The ship didn’t smell really all that bad, for being so overloaded with losers, but it did not smell good. Sovine was demonstrating some common sense. He was lining up men in four columns, all the net would hold, and urging them to keep moving. I found that mate, at least some old sailor with a billed cap on, and asked him, “Where are these women?”
“The unnaturals?” He looked everywhere but in my eyes. “There is a bit of a problem, here… sir.”
“Took you long enough to say sir, whatever your name is.”

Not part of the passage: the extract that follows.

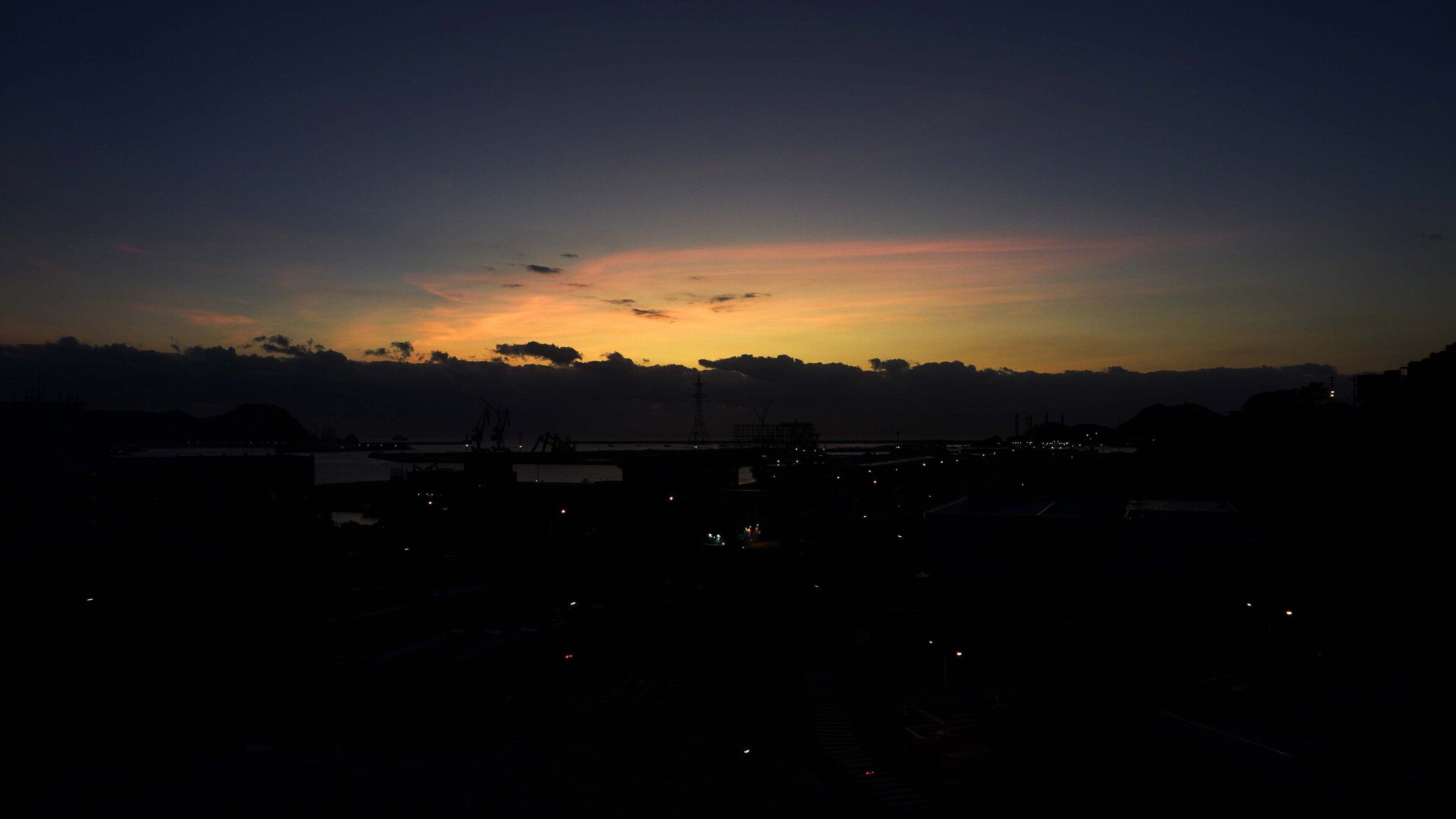 Solnedgang over et kystområde med industribygninger og en bro.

“Stiggs, sir. Second Mate Stiggs.” I knew Second Mate gets all the shit details, but he was getting on my nerves after ten words. I am not a bully, but sometimes it is handy to look like one. I glowered a bit more. He swallowed on a dry throat. “It’s like this here, sir. They got a new what you call, regime back home in the States. They are cleaning out the jails, and all. Sir.”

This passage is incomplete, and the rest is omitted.